# HD chanel list?



## Zvi (Feb 2, 2006)

Hi All,

Is thers a secret place where I could see the list of HD chanels provided by Dish?
Currently I have AEP + HDPack + VOOM + Locals. 
As far as I can tell Dish HD Platinum shuold be little bit cheaper and include everything I have now, not sure if Voom will be included there or not.
CS was unable to tell me what'd be the case or even whether or not do I need MPEG4 receiver to subscribe to HDPlatinum.
So, dones anyone know:

1) Which HD chanels does HDPlatinum include?
2) Does it include VOOM chanels?
3) Is mpeg4 decoder necessary for all HDs? ( I do have vp 622 installation shecduled for 25th, just don't wanna sit w/o HD chanels before that in case I switch today).


----------



## Ron Barry (Dec 10, 2002)

Here is the channel chart.

http://ekb.dbstalk.com/dishlist.htm

And this should help.

http://www.dbstalk.com/showthread.php?t=50313


----------



## Zvi (Feb 2, 2006)

Thanks


----------



## bk63ross (Nov 10, 2004)

What other 2 channels does the Platinum have that the Gold doesn't?
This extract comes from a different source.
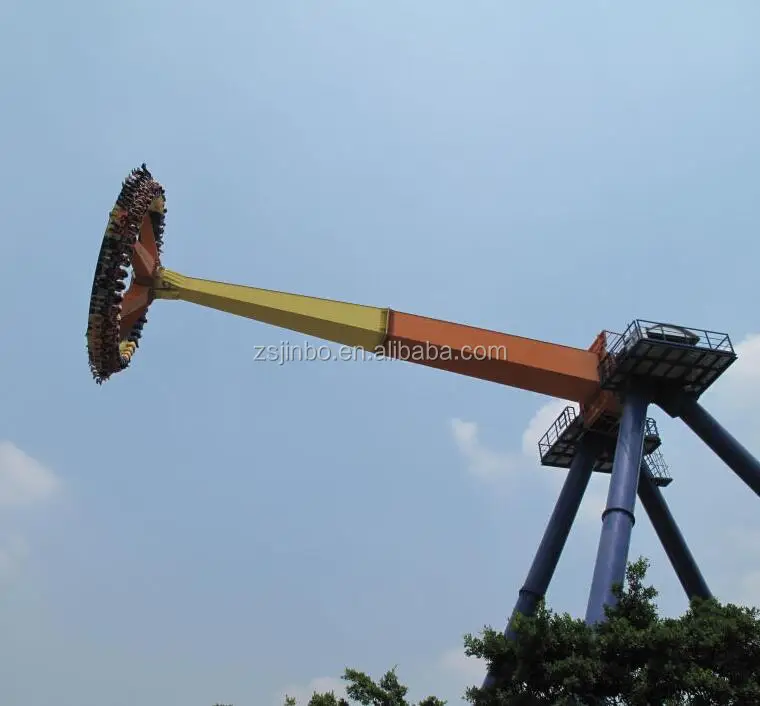 Highest China Amusement Equipment Supplier Big Pendulum Rides Attraction Park Rides Equipment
The Dish website states Gold Pak w/23 HD channels and the Platinum w/25 HD channels. What gives? Or is this another piece of misleading info that Dish never fails to give besides their CSR's!


----------



## James Long (Apr 17, 2003)

Platinum includes the AEP channels which includes all the movie packages.
The extra two HD channels are HBOHD and SHOWHD.


----------